Sights as shipped consisted of a metal ramp front sight with a Hi-Vis Green Tube. Two additional polymer front sights come with the pistol to adjust elevation, but they’re white-dot style. Elevation adjustment is changed by mounting front sights of different heights. If weapon fires too low, a lower front sight should be mounted. If it fires too high, a higher front sight should be mounted. Changing the front sight requires disassembling the slide from the frame. To change the front sight, use a screwdriver to press the sight out of its seat in the slide. A ridge holds the sight in place. If the sight is installed incorrectly and the ridge is broken, the sight will not stay secured. The polymer rear sight is adjustable for windage and has two white dots bracketing the rear-sight notch. To make corrections, a small screwdriver fits into the adjustment screw on the rear sight’s right-hand side. Even with windage being easy to adjust, getting the point of aim to match the point of impact was vexing, to say the least, because every elevation change required breaking the gun completely down. Another way to get the elevation perfect would have been to start with a too-tall polymer front and simply dress it down with a file. That would have been easier, we believe.
If you wanted other sighting options, we would consider adding the HiViz Walther P22 Fiber Optic Front Sight package (CheaperThanDirt.com #2-NPWAL2012, $25). The sight height is 0.215 inches, equivalent to the factory #3 front sight. The Hi-Vis package comes with six Litepipes in red and green, a carry case, and an Allen wrench to install the sight. And/or, buy the #512104 laser separately (MidwayUSA.com #991458, $130).
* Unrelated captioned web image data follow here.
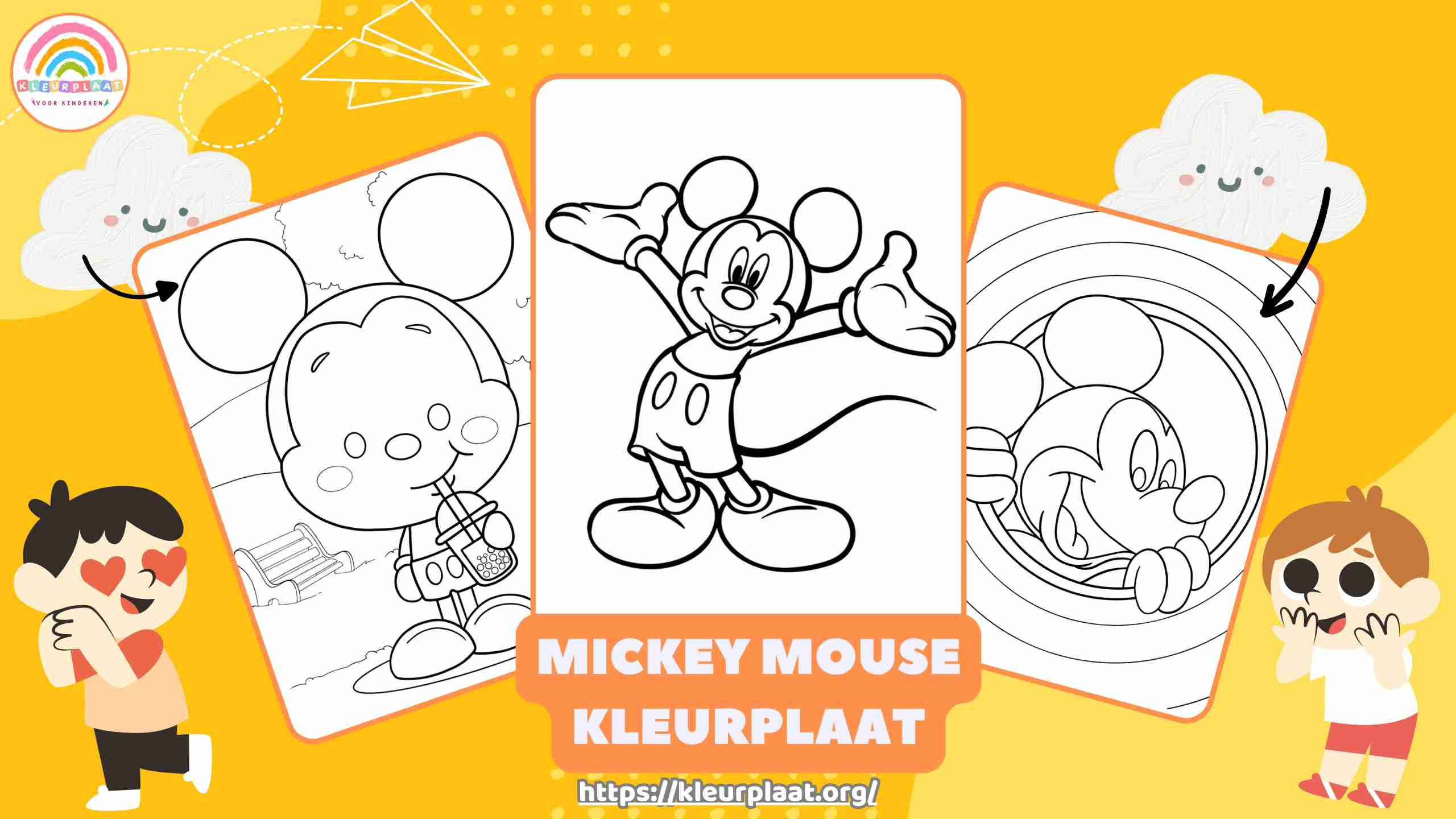 Mickey Mouse Kleurplaat Uitgelichte Afbeelding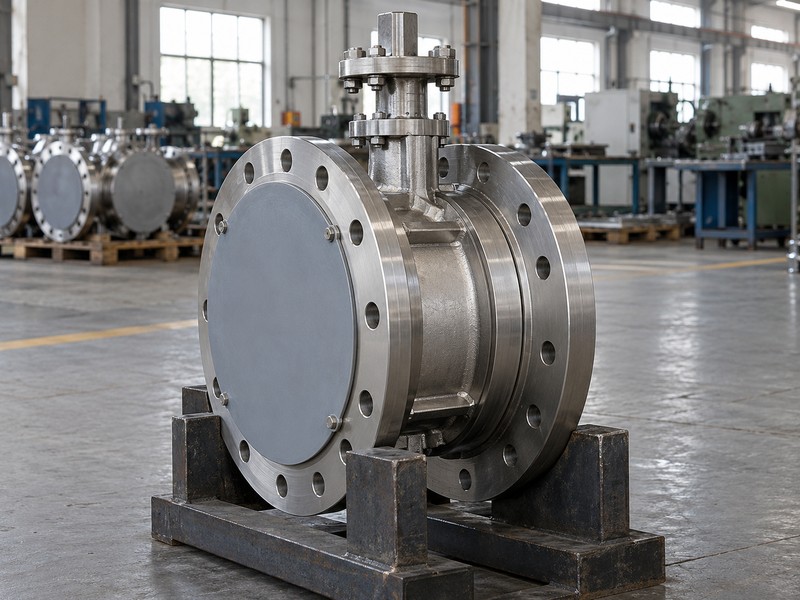 Protected metal butterfly valve with separate end flanges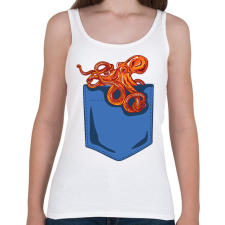 PRINTFASHION Polipos zseb - Női atléta - Fehér női trikó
Elsewhere, the rear-slide-mounted ambidextrous safety operates in reverse from how many popular guns work — safety down to fire. Here, it’s safety up to fire — that is, the safety lever is aligned with the barrel, whereupon an “F” appears uncovered in the slide notch were the safety lever operates. The lever basically changes the orientation of a hammer block. On Safe, a ridge on the block doesn’t allow the hammer to fall on the firing pin. On Fire, that ridge rotates downward, out of the way, allowing the hammer to strike the pin flush. The safety also locks the firing pin so the gun can’t discharge. If the hammer is cocked, putting the safety on leaves it cocked. You can lower the hammer by grasping it firmly with thumb and index finger on its sides, and pressing the trigger. Using only one hand, our shooters had issues operating the safety lever with the trigger-hand thumb. Regardless of left or right handedness, they had to rotate the gun in the palm about 30 degrees to reach the lever and set the gun to Fire or put it on Safe. Or use the off hand.
We don’t like the location and operation of the ambi mag-release paddles. If the gun shoots open after the last shot — normally when you would change magazines — the trigger sits right over the release lever. For single-hand operation, none of our shooters had thumbs long enough to reach around and push the lever down, so that necessitated rotating the gun in the hand enough for the trigger finger to push the lever down. That also meant pushing on the side of the trigger, which we didn’t like. Of course, using the support hand is the answer, but the trigger hand (left or right, doesn’t matter) has to release the pinky-finger grip to clear the magazine bumper that forms the bottom of the grip. Of the controls, only the slide stop wasn’t ambidextrous in operation.
At the range, the Walther shot very consistently with all three test rounds: 1.1-, 1.2-, and 1.3-inch average group sizes. Reasons: Even though it suffered from a shorter sight radius (4.7 inches), the green Hi-Viz sight was easy to read and align. We fired it single action, so we were able to take advantage of the 5.3-pound single-action break weight and the shorter 2.2-inch trigger span.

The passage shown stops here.